## Work required
Could the listing be repeated exactly, with every picture dropped?

[Opening Available data section]

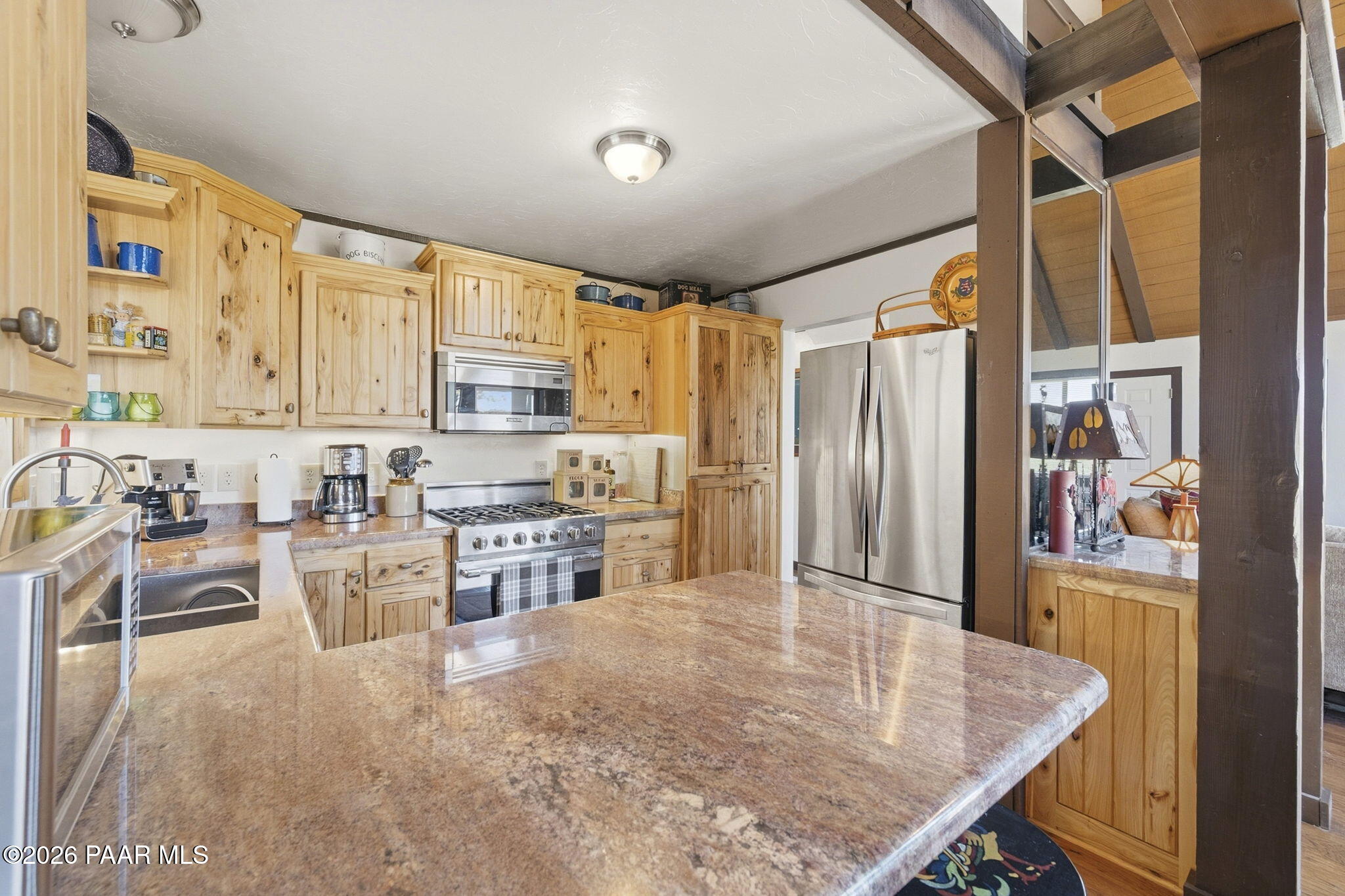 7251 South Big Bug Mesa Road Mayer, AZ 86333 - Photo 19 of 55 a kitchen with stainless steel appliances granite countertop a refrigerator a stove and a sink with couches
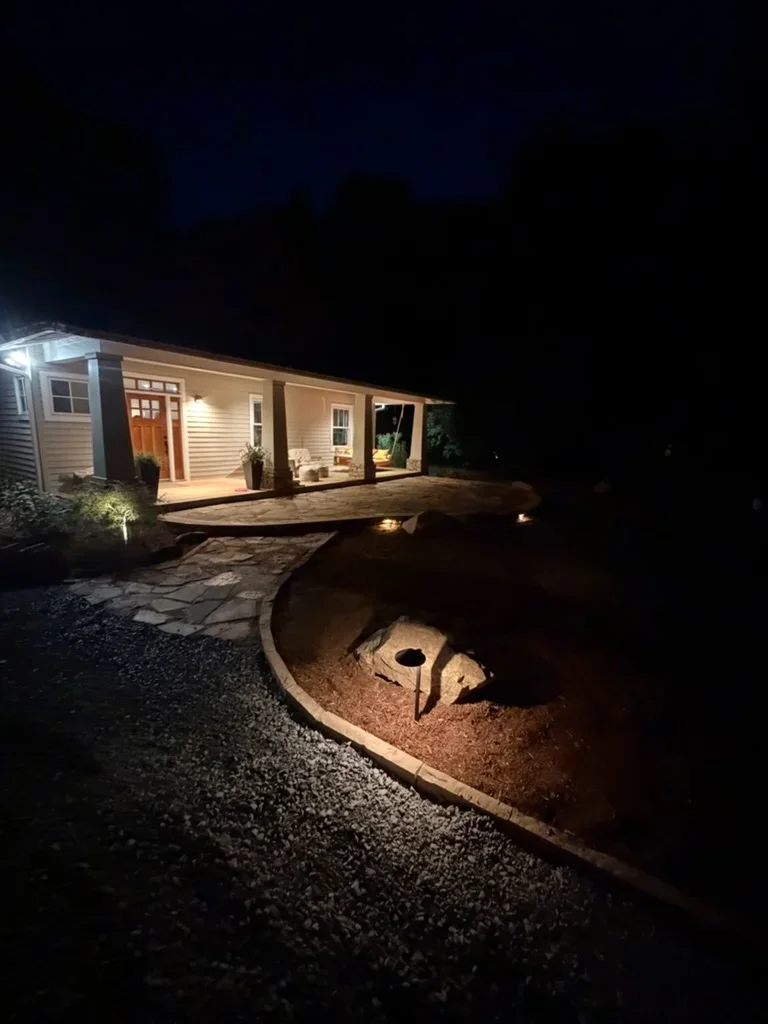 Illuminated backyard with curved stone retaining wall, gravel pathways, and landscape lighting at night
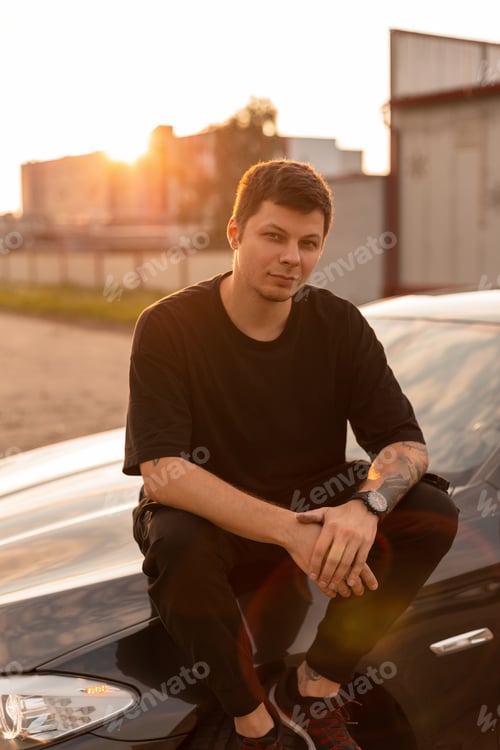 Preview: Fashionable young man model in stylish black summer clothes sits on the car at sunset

[Closing Available data section]

## Your solution
 7251 South Big Bug Mesa Road Mayer, AZ 86333 - Photo 19 of 55 a kitchen with stainless steel appliances granite countertop a refrigerator a stove and a sink with couches
 Illuminated backyard with curved stone retaining wall, gravel pathways, and landscape lighting at night
 Preview: Fashionable young man model in stylish black summer clothes sits on the car at sunset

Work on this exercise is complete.